Odiáxere is a small village situated on the N125. The origin of the village’s name dates from the Moors with odi meaning river.
Whether you are planning to live and work in the Algarve, retire or invest, the region has something for all.
Odiáxere is well placed in the western Algarve, being close to three International Schools; Barlavento International Primary School, Vale Verde in Burgau and Nobel in Lagoa, Faro airport, public and private hospitals, and also a motorway network connecting the Algarve to the rest of Portugal and Spain.
Whilst infrastructure is important, so too is lifestyle and in the Algarve, you can enjoy whatever pace of life you prefer. The region offers year-round cultural events, an international racetrack, major golfing tournaments and much more for visitors and residents alike. With many of the Algarve’s beaches winning the Blue Flag the coast is an important asset for residents and a major tourist attraction.
Odiáxere has a year-round international community living in its environs. For those enjoying sports there are tennis clubs, various golf courses a short drive away, cycling routes, diving centres, dance groups, various gyms and centres to enjoy yoga, tai chi etc plus great local areas for bird watching and the opportunity to enjoy walking trails. For those who prefer less energetic activities there are local choirs, amateur dramatic groups, bands and much more to keep you busy.
Most faiths are represented in the region offering the opportunity to worship locally.
Restaurants and bars
There are a variety of places to eat and drink in Odiáxere, with the coast not far away offering more restaurants and cafés.
To download a guide to the Algarve’s wine, click here
For a Cataplana recipe book click here
For traditional Portuguese recipes download here
There are quite a few local shops in Odiáxere offering a wide selection of goods however Lagos, just 7kms away, is very well provided with supermarkets stocking a wide range of products including those for many dietary requirements.
There is a daily market offering local produce and every fourth Monday of the month the gypsy market is held in the village, near the windmill.
There are two shopping malls a short drive away, one in Portimão and Algarve Shopping in Guia (near Albufeira), both to the east, where shoppers will find all their favourite stores. With plenty of seats in the sun, restaurants and cafés and a multi-screen cinema located in Algarve Shopping, the late-night shopping means you can work or relax throughout the day.
Throughout the year there are many fairs, festivals and shows, too many to list however, for up-to-date information on current events click here
The parish church of Odiáxere was built in the 16th century and was renovated in the 17th century after the Restoration War (between Portugal and Spain). Key features include the Manueline doorway, the 17th century azulejo panels and the gilded wooden altarpiece.
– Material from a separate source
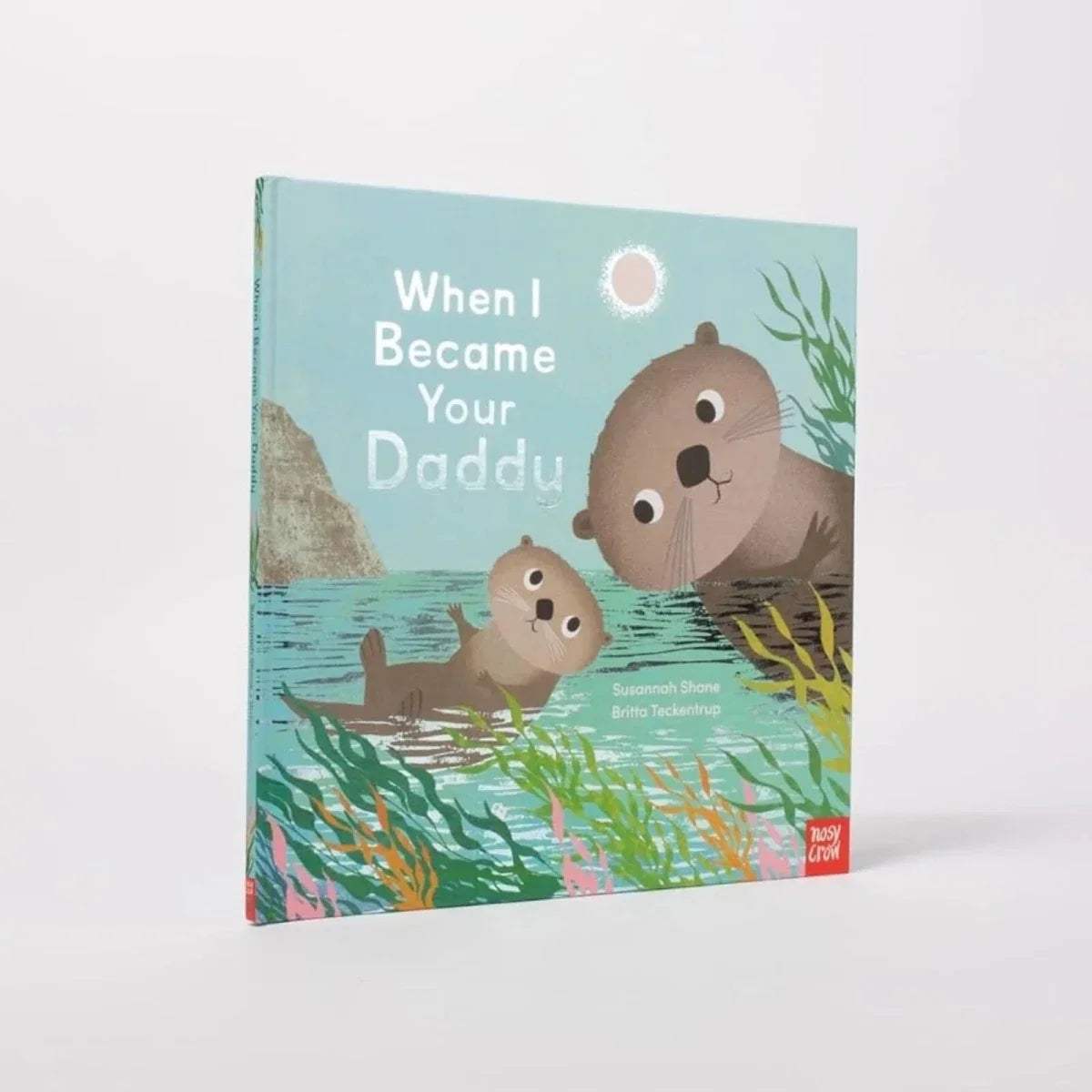 Children's picture book cover, teal ocean scene with otters floating and title text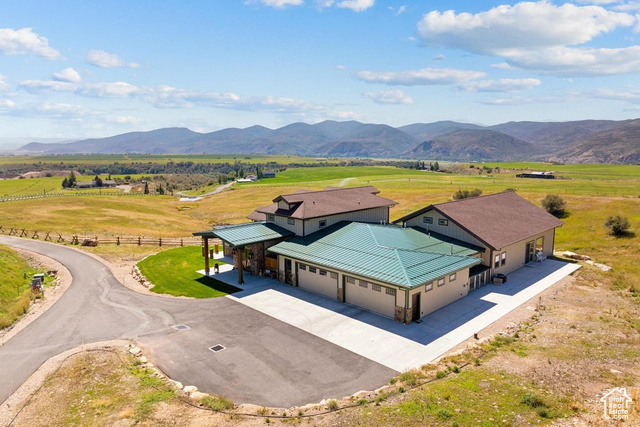 6117 North Rocky Ridge Road Peoa, UT 84061 - Photo 11 of 83 Aerial view featuring a mountain view and a rural view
Nearby, Lagos has always had a seafaring connection, originally visited by the Phoenicians, Carthaginians and Romans. During the 15th century it was the base for the Voyages of Discovery, instigated by Prince Henry the Navigator, with trade between Africa and Portugal bringing a great deal of wealth to the town.
The older part of Lagos is still encircled by the city walls that were constructed during the 16th century when it was the Algarve governor's residence. The fort, Ponta da Bandeira by Praia da Batata (Batata beach), is part of the 17th century fortifications that were added to protect the town. Behind the fort (on the opposite side of the road) you will find the Porta de São Gonçalo, with a watchtower on either side and just to the right of this is the Governor's Castle (built by the Arabs).
Walking along the cobbled street at the back of Praça Infante Dom Henrique (along R. Gen. Alberto da Silveira), just past the Santa Maria church, you will come across the famous Lagos 'golden church' of Saint Anthony, Igreja de Santo António, which was rebuilt in 1769. Access to this church is via the museum. Both the museum and the church are well worth visiting.
On the north side of the Praça Infante Dom Henrique can be found the Slave Market, which dates to the 15th century, and holds a small museum about the use of the building.
If you are feeling in need of an active history lesson, an interesting trail to follow in the Algarve is the Umayyad Route, the path which the Arabs travelled throughout the Iberian Peninsula and Europe starting in the 8th century through to the 13th.